No one can achieve goals alone. Here's how to avoid three mistakes that distance our would-be allies.

In my conversations with sustainability leaders throughout the years, I’ve heard varying views on what works to engage others — whether it be employees, CEOs, shareholders or your neighbor — in a productive exchange about how to build a more sustainable world.

I’ve also heard stories about what doesn’t work.

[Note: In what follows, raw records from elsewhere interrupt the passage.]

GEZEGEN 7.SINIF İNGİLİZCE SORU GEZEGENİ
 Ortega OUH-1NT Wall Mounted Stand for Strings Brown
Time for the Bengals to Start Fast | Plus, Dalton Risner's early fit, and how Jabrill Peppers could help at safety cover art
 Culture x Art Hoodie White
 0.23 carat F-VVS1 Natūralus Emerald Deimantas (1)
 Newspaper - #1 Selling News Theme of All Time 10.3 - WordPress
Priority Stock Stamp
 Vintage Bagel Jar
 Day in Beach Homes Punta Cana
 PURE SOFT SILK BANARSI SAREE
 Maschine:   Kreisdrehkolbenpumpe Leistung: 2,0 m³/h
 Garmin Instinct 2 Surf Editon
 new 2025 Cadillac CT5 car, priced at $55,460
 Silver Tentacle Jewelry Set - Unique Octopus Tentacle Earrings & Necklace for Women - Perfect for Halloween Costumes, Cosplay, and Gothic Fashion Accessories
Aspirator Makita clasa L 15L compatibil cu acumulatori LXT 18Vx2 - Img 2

Too often, well-meaning leaders try to turn the dial on sustainability within their companies, organizations or communities, but unknowingly succumb to common conversational pitfalls, undermining their hard work and good intentions.

That dilemma was the subject of a recent working paper, “Authentic Sustainability: Navigating Pitfalls, Paradoxes, and Pathways in Conversations toward a Better World,” co-written by Gabriel Grant, a doctoral candidate in leadership and sustainability at the Yale School of Forestry and Environment, and Jason Jay, director of the sustainability initiative at the MIT Sloan School of Management.  I met Grant at the GreenBiz Forum 2015, where we entered into an interesting conversation and meeting of the minds.

Grant and Jay’s work explores sustainability conversations that tend to get “stuck” in inaction, and presents ways to work around those traps to build the leadership and communications skills needed to carry effective conversations with various stakeholders.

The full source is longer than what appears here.